# Cycling Scene - St. Gallen, East Switzerland, Switzerland as a Whole...



## BermudaBrown (May 28, 2012)

Hello,

Looking at this area as a potential (still potential at this point) job offer has come up.

Can anybody fill me in on the cycling scene for locals there? I'm pretty much uni-lingual (English, with some awful French)... will I be able to find good rides, race, or even find my group at the start line?

What are the trails like?

Road riding?

Is there good junior development available?

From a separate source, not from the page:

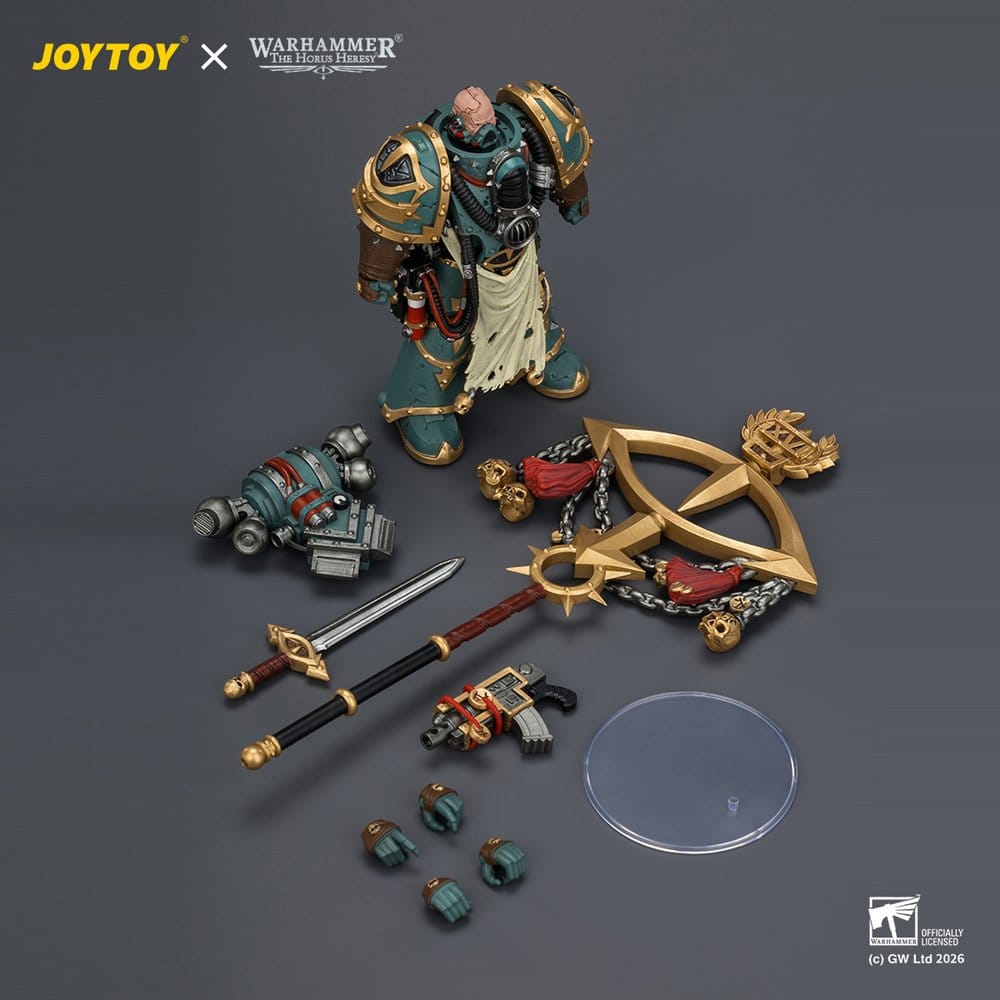 Warhammer Action Figure Sons of Horus Maloghurst the Twisted, the Warmaster's Equerry 13 cm Joy Toy (CN)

Thanks in advance and pardon my ignorance!


----------



## superfetch (Aug 10, 2010)

hello bermudabrow, st.gallen is pretty good for biking. starting directly in the town you can go for several loops from 1h to 3h riding with nice climbs and single trails. with a 40min car-ride you reach several spots in the reinthal-area, liechtenstein or austria (vorarlberg) with great mountain-trails up to 2000m above sea. with a 60min car-ride you reach chur, from where you can start for epic rides up to 2500m above sea into the ski ressorts of lenzerheide, arosa or laax. for road biking the region around st. gallen in direction of appenzell and reinthal is very versatile; in addition you might want to start in reinthal and ride some challenging alpine passes in vorarlberg.

cheers


----------